Hormonal therapy, also known as androgen deprivation therapy (ADT), is a cornerstone in the management of prostate cancer. This treatment strategy focuses on reducing or blocking the action of male hormones (androgens) that fuel the growth of prostate cancer cells. There are several types of hormonal agents used in prostate cancer management, each with its own benefits and challenges.

Types of Hormonal Therapies

  1. Luteinizing Hormone-Releasing Hormone (LHRH) Agonists and Antagonists: LHRH agonists, such as leuprolide (Lupron) and goserelin (Zoladex), initially increase testosterone levels before significantly lowering them, a phenomenon known as “flare.” To counteract this, anti-androgens are often prescribed concurrently. LHRH antagonists, like degarelix (Firmagon) and relugolix (Orgovyx), lower testosterone levels without causing flare, making them a preferred choice for some patients​ (Mayo Clinic)​​ (CancerInfo)​.
  2. Anti-Androgens: These drugs, including bicalutamide (Casodex) and enzalutamide (Xtandi), block androgens from binding to their receptors on prostate cancer cells. Anti-androgens are often used in combination with LHRH agonists to enhance the overall effectiveness of hormone therapy​ (Mayo Clinic)​​ (CancerInfo)​.
  3. CYP17 Inhibitors: Abiraterone (Zytiga) is a CYP17 inhibitor that blocks the production of androgens from all sources, including the adrenal glands and the tumor itself. It is used in combination with prednisone to treat metastatic castration-resistant prostate cancer (mCRPC)​ (Comprehensive Cancer Information)​​ (CancerInfo)​.
  4. Orchiectomy: This surgical procedure involves the removal of the testicles, thereby drastically reducing testosterone levels. Although effective, it is often considered less desirable due to its permanent and psychologically impactful nature​ (Mayo Clinic)​.

Benefits and Effectiveness

Hormonal therapies are particularly effective in reducing the size of prostate tumors and slowing disease progression. For instance, relugolix has shown a significant reduction in testosterone levels compared to traditional treatments like leuprolide, with fewer cardiovascular side effects, making it a safer option for patients with pre-existing heart conditions​ (Comprehensive Cancer Information)​.

Combination therapies, such as pairing an LHRH agonist with an anti-androgen, have been found to enhance treatment efficacy and improve survival rates. For high-risk patients, new hormonal agents (NHAs) used in neoadjuvant settings (before surgery) can reduce the risk of recurrence and improve long-term outcomes​ (UroToday)​​ (JWatch)​.

Challenges and Side Effects

Despite their benefits, hormonal therapies are associated with several side effects that can impact the quality of life. Common side effects include:

  • Loss of libido and erectile dysfunction
  • Bone thinning (osteoporosis)
  • Hot flashes
  • Increased risk of diabetes and cardiovascular diseases
  • Fatigue and weight gain​ (Mayo Clinic)​​ (CancerInfo)​.

To mitigate these side effects, intermittent hormone therapy is sometimes used, where treatment is given for a period and then stopped until it is needed again. This approach can help reduce side effects without significantly compromising the effectiveness of the therapy​ (Mayo Clinic)​.

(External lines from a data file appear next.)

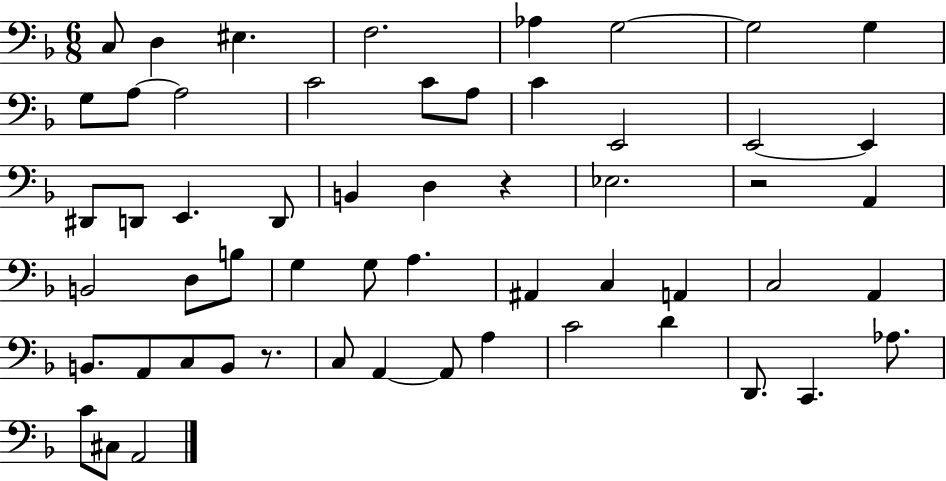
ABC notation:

X:1
T:Untitled
M:6/8
L:1/4
K:F
C,/2 D, ^E, F,2 _A, G,2 G,2 G, G,/2 A,/2 A,2 C2 C/2 A,/2 C E,,2 E,,2 E,, ^D,,/2 D,,/2 E,, D,,/2 B,, D, z _E,2 z2 A,, B,,2 D,/2 B,/2 G, G,/2 A, ^A,, C, A,, C,2 A,, B,,/2 A,,/2 C,/2 B,,/2 z/2 C,/2 A,, A,,/2 A, C2 D D,,/2 C,, _A,/2 C/2 ^C,/2 A,,2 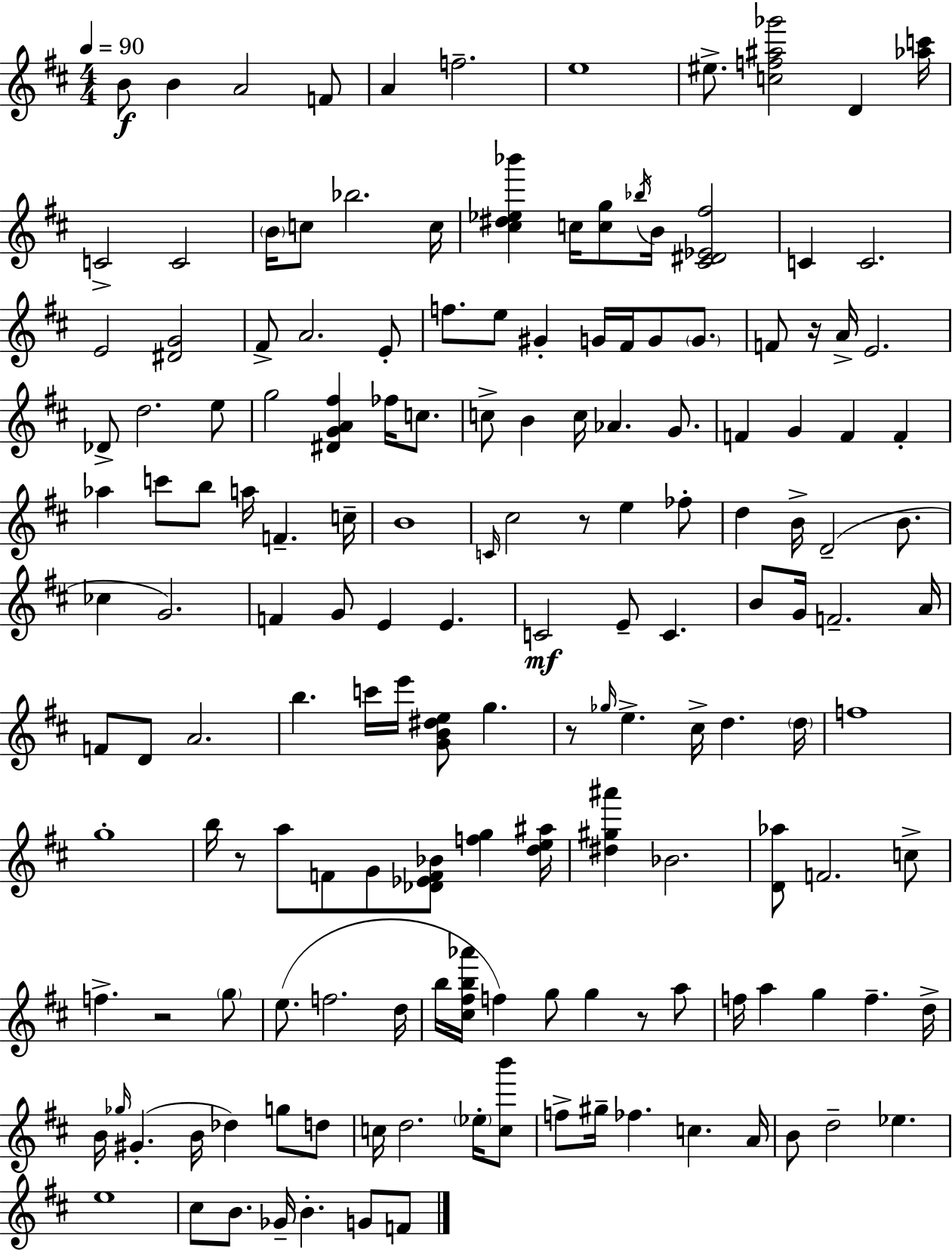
B4/e B4/q A4/h F4/e A4/q F5/h. E5/w EIS5/e. [C5,F5,A#5,Gb6]/h D4/q [Ab5,C6]/s C4/h C4/h B4/s C5/e Bb5/h. C5/s [C#5,D#5,Eb5,Bb6]/q C5/s [C5,G5]/e Bb5/s B4/s [C#4,D#4,Eb4,F#5]/h C4/q C4/h. E4/h [D#4,G4]/h F#4/e A4/h. E4/e F5/e. E5/e G#4/q G4/s F#4/s G4/e G4/e. F4/e R/s A4/s E4/h. Db4/e D5/h. E5/e G5/h [D#4,G4,A4,F#5]/q FES5/s C5/e. C5/e B4/q C5/s Ab4/q. G4/e. F4/q G4/q F4/q F4/q Ab5/q C6/e B5/e A5/s F4/q. C5/s B4/w C4/s C#5/h R/e E5/q FES5/e D5/q B4/s D4/h B4/e. CES5/q G4/h. F4/q G4/e E4/q E4/q. C4/h E4/e C4/q. B4/e G4/s F4/h. A4/s F4/e D4/e A4/h. B5/q. C6/s E6/s [G4,B4,D#5,E5]/e G5/q. R/e Gb5/s E5/q. C#5/s D5/q. D5/s F5/w G5/w B5/s R/e A5/e F4/e G4/e [Db4,Eb4,F4,Bb4]/e [F5,G5]/q [D5,E5,A#5]/s [D#5,G#5,A#6]/q Bb4/h. [D4,Ab5]/e F4/h. C5/e F5/q. R/h G5/e E5/e. F5/h. D5/s B5/s [C#5,F#5,B5,Ab6]/s F5/q G5/e G5/q R/e A5/e F5/s A5/q G5/q F5/q. D5/s B4/s Gb5/s G#4/q. B4/s Db5/q G5/e D5/e C5/s D5/h. Eb5/s [C5,B6]/e F5/e G#5/s FES5/q. C5/q. A4/s B4/e D5/h Eb5/q. E5/w C#5/e B4/e. Gb4/s B4/q. G4/e F4/e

Future Directions and Research

Ongoing research is focused on improving the effectiveness of hormonal therapies while minimizing side effects. Studies like the EvoPAR-Prostate01 trial are exploring combinations of PARP inhibitors with new hormonal agents to delay disease progression and the initiation of chemotherapy in patients with metastatic castration-sensitive prostate cancer (mCSPC)​ (UroToday)​.

Furthermore, advances in personalized medicine are paving the way for more tailored treatment plans based on genetic and molecular profiling of individual tumors. This approach aims to optimize the efficacy of hormonal therapies and improve patient outcomes​ (JWatch)​.


References

  1. American Cancer Society. “Hormone Therapy for Prostate Cancer.”
  2. Mayo Clinic. “Hormone therapy for prostate cancer.”
  3. National Cancer Institute. “FDA Approves Relugolix for Advanced Prostate Cancer.”
  4. UroToday. “AUA 2024: EvoPAR-Prostate01: Phase III, Double-Blind, Placebo-Controlled, 2-Cohort, Randomized Study of Saruparib (AZD5305) in Combination with New Hormonal Agents in Patients with mCSPC +/- HRR Mutations.”